4. 清室宗庙陵寝永远奉祀,由民国酌设卫兵保护。
5. 清室私产归清室完全享有,公产则归民国所有。
11月5日,这一天注定要载入史册。上午九点,京畿警备总司令鹿钟麟、警察总监张璧,以及社会名流李石曾(代表新成立的“办理清室善后委员会”),带着几十名军警,荷枪实弹,直扑神武门。
宫内顿时乱作一团。太监宫女惊慌奔走,遗老大臣面如土色。内务府大臣绍英慌忙出来接待,试图周旋,哀求宽限时日。

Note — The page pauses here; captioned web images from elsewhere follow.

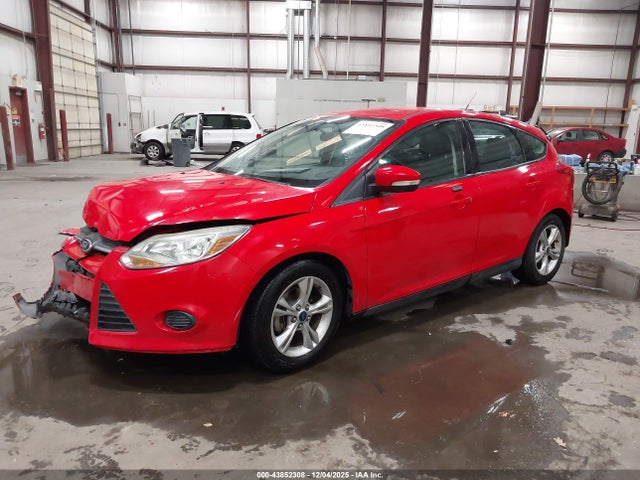 Ford FOCUS SE 2014 1FADP3K22EL237209 Image 2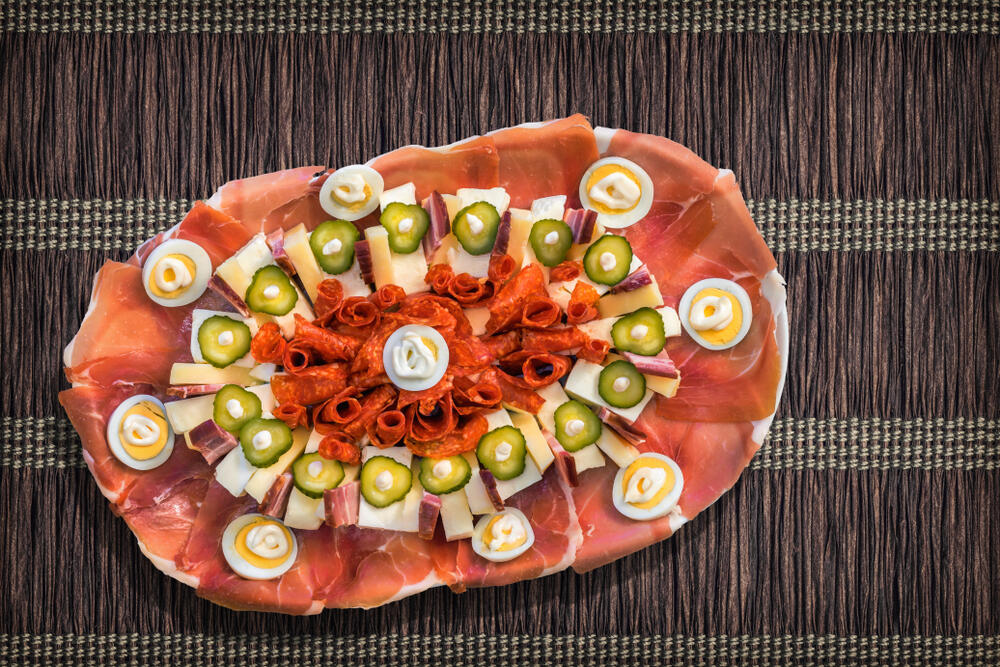 Lepo raspoređeno slavsko meze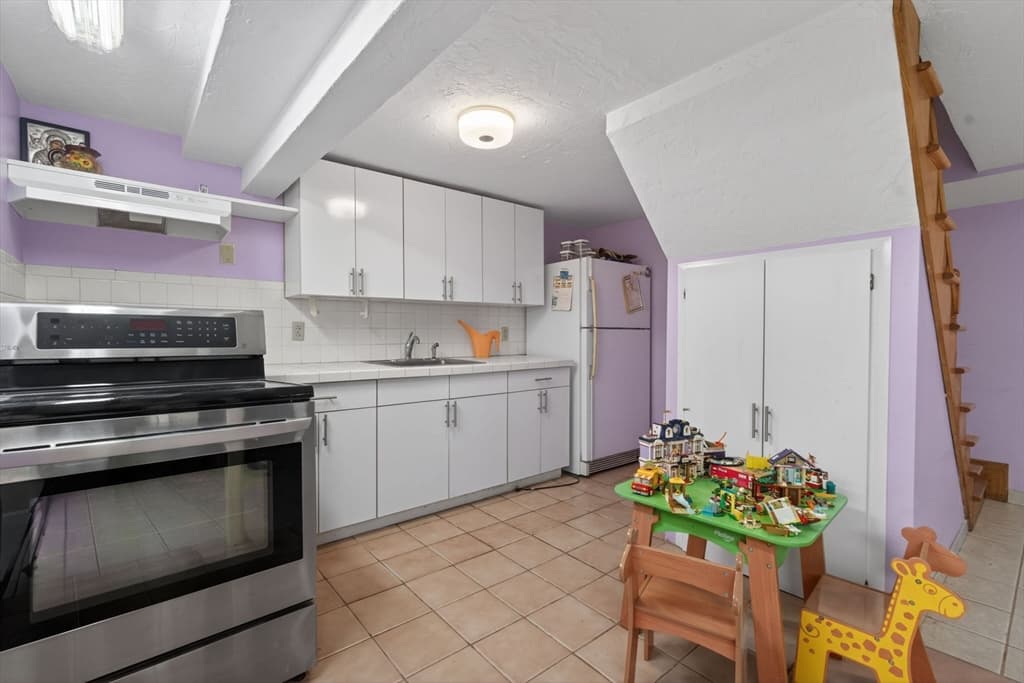 Single Family Residence at 8 Hawthorne St, Watertown MA 02472, photo 29 of 38
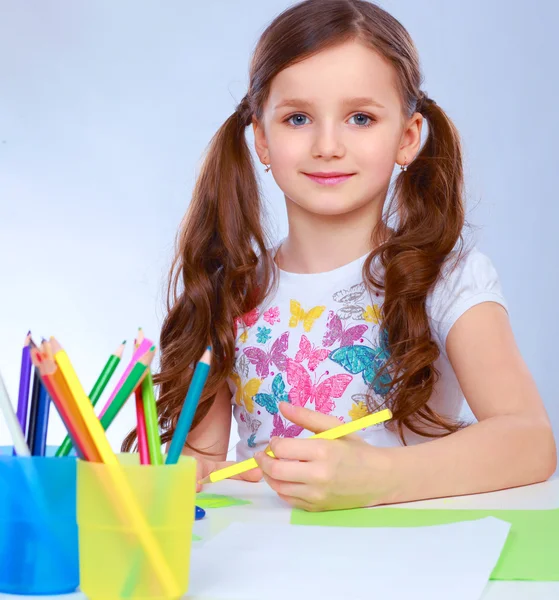 Bambina che dipinge un quadro, isolata su sfondo bianco — Foto Stock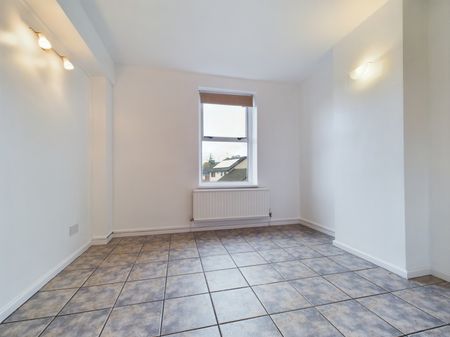 Codenham Lodge, St Stephens Road, Cheltenham, GL51 - Photo 2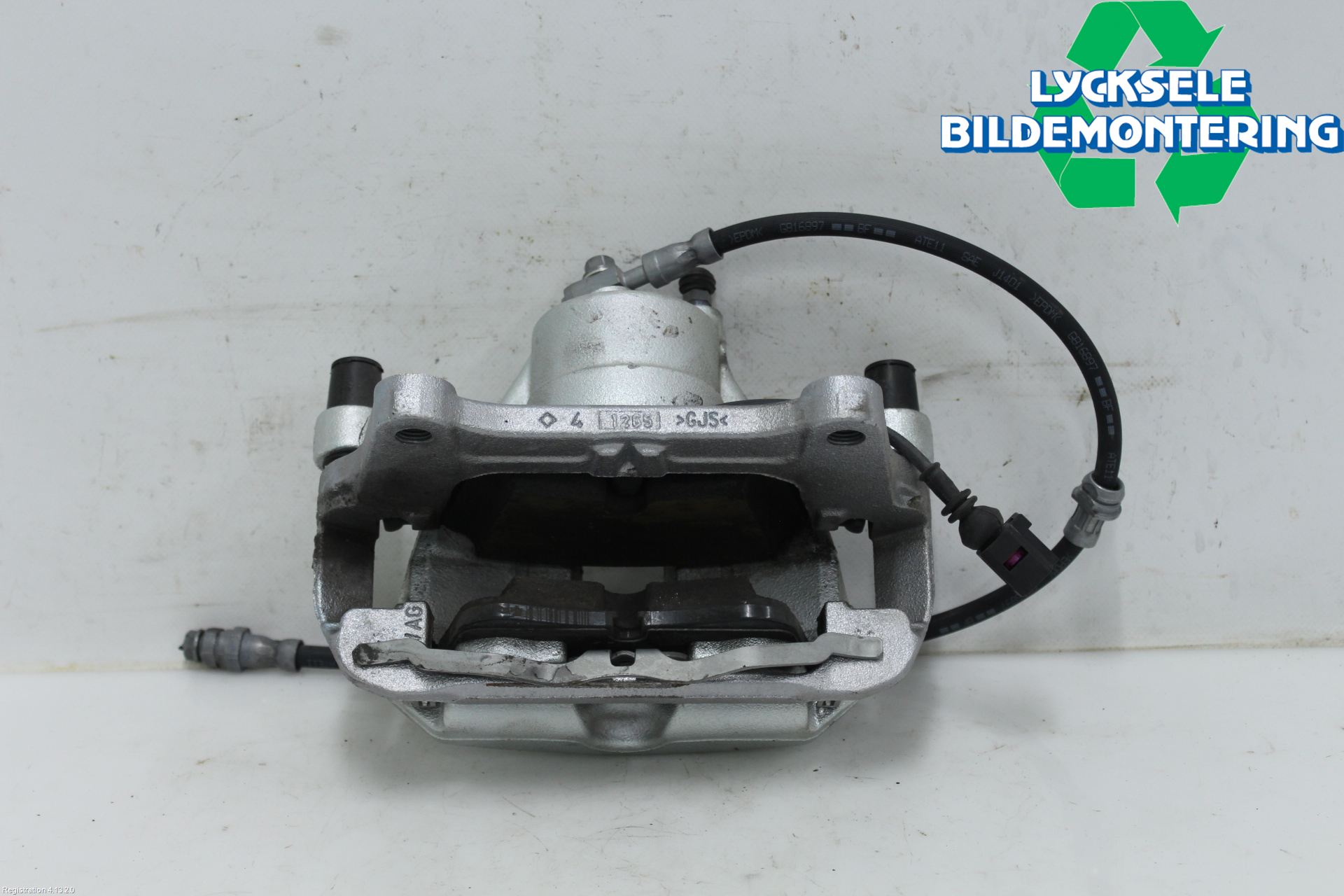 Volkswagen VW PASSAT 24- Bromsok Fram Höger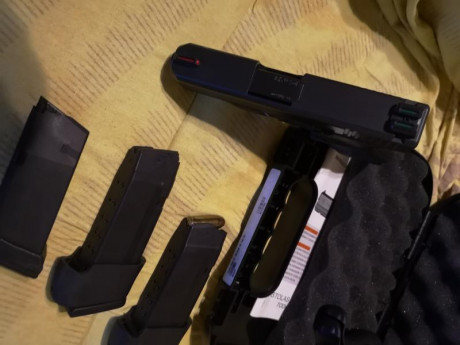 Buenas noches. Glock 30 guiada en F, 4 cargadores, disparador aligerado, miras etc, adjunto fotos cambio 01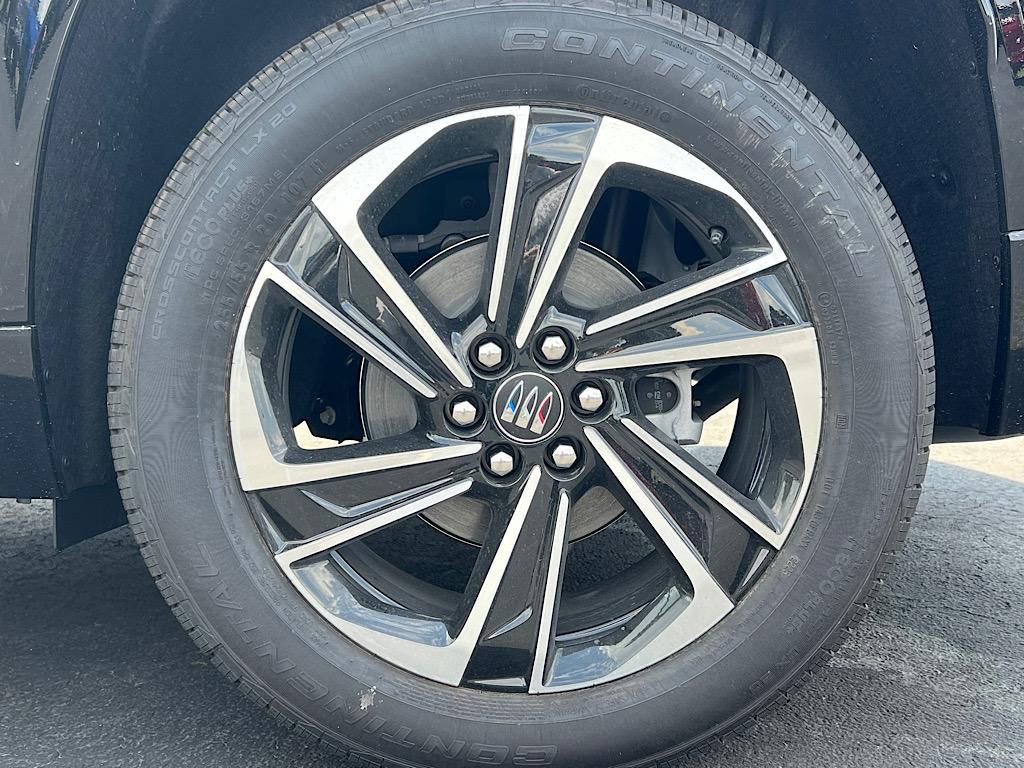 New 2025 Buick Enclave Sport Touring w/ Power Package image 28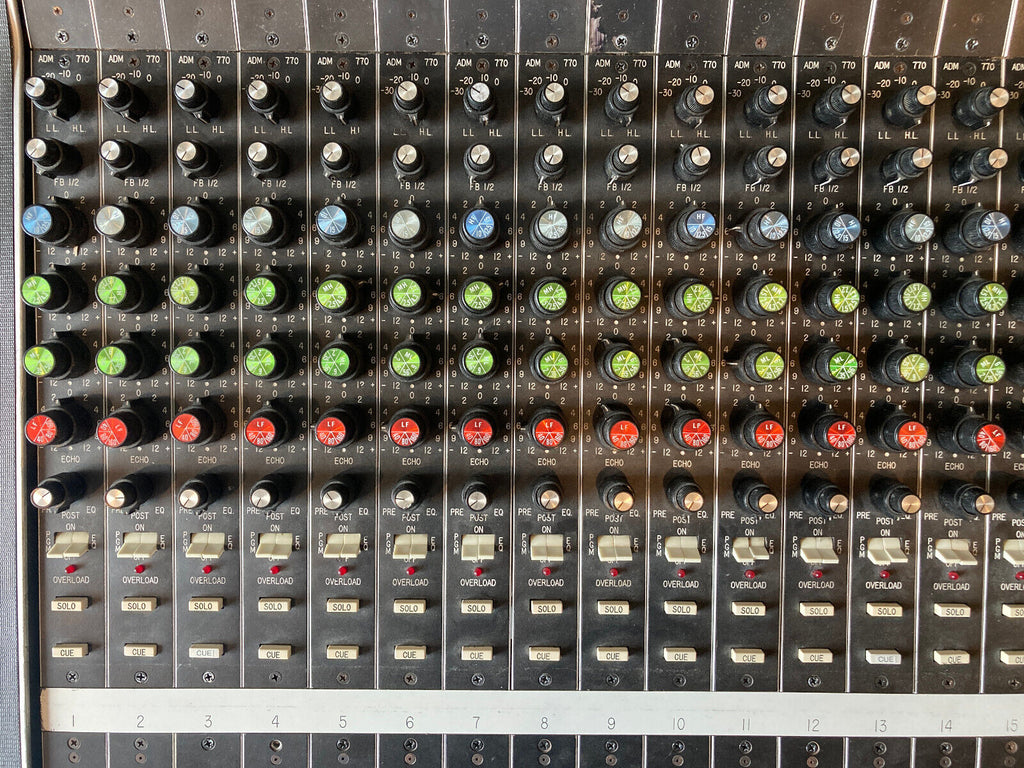 ADM 32X24 770 Console Left Detail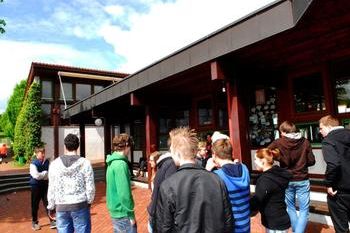 Schüler „älterer“ Jahrgänge, wie diese im Bild, wird es an der Friedrich-Weinbrenner-Schule in Bauschlott bald nicht mehr geben, denn die Haupt- und Werkrealschule wird derzeit aufgelöst. Jetzt hat die Diskussion über eine Ganztagesgrundschule begonnen.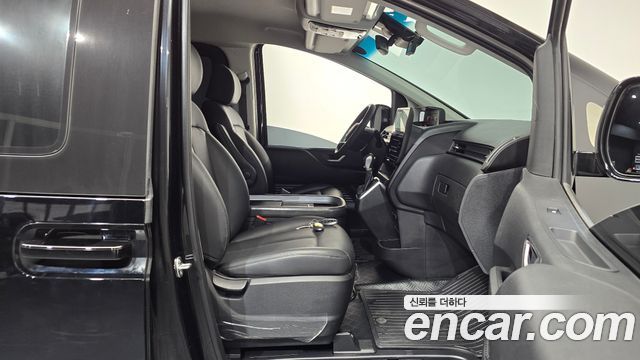 Hyundai Staria 2025 — photo 16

鹿钟麟态度坚决,毫不退让。他将《修正清室优待条件》扔给绍英,冷冰冰地甩下一句话:“限溥仪及其宫内人等三小时内全部搬出!否则……景山上就要开炮了!” —— 这后来成为一句极具威慑力的名言(虽然后世考证开炮很可能是恐吓,但当时极具效果)。
消息传到养心殿,溥仪正在和婉容吃水果。闻听此言,他手里的苹果“啪嗒”一声掉在地上,脸色煞白。他没想到这一天来得如此突然,如此粗暴!最后的时刻,终于到了。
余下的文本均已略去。